When a line of the entries contains "Residential", please list that line.

Segment Start: Data extract

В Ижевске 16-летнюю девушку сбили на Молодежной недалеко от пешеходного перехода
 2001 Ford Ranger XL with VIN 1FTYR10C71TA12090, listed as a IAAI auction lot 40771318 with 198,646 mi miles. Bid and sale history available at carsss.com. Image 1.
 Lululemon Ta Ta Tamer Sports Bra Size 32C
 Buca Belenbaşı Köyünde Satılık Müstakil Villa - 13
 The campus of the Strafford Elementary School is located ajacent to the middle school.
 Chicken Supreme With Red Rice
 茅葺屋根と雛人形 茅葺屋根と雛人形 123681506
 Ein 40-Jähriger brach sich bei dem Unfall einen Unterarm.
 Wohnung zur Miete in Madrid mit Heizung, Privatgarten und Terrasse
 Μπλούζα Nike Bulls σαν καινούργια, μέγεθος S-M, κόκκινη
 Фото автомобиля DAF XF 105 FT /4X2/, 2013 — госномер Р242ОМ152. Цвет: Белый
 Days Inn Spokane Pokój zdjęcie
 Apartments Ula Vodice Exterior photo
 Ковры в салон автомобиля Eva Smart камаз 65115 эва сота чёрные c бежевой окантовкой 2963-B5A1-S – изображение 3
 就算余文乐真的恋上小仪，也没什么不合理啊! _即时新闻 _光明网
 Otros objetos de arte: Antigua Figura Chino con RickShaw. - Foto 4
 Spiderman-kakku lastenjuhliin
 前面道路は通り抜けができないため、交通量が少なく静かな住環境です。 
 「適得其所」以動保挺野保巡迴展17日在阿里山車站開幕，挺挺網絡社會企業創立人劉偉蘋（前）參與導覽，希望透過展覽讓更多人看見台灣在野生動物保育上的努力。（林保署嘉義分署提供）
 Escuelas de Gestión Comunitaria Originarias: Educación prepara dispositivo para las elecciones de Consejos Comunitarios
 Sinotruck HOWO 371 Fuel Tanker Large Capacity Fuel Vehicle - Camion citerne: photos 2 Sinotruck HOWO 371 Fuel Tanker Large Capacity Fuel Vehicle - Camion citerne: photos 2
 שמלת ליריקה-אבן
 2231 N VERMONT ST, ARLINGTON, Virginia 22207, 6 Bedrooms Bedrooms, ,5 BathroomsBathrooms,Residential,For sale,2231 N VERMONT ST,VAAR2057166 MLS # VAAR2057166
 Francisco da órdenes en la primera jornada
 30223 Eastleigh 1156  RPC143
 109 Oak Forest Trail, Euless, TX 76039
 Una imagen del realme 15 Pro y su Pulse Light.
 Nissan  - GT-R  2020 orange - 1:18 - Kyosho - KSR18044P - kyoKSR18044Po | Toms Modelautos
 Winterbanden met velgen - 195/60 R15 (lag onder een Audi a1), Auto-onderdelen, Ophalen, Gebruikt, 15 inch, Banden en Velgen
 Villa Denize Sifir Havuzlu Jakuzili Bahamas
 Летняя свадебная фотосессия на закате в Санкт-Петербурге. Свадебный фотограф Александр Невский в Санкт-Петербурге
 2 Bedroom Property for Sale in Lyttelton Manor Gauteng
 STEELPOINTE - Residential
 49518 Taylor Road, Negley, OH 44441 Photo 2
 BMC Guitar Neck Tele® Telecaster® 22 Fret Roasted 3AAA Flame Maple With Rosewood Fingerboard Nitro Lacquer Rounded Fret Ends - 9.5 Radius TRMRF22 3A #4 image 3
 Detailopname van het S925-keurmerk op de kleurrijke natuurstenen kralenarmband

Segment End: Data extract

Output of the exercise:
 2231 N VERMONT ST, ARLINGTON, Virginia 22207, 6 Bedrooms Bedrooms, ,5 BathroomsBathrooms,Residential,For sale,2231 N VERMONT ST,VAAR2057166 MLS # VAAR2057166
 STEELPOINTE - Residential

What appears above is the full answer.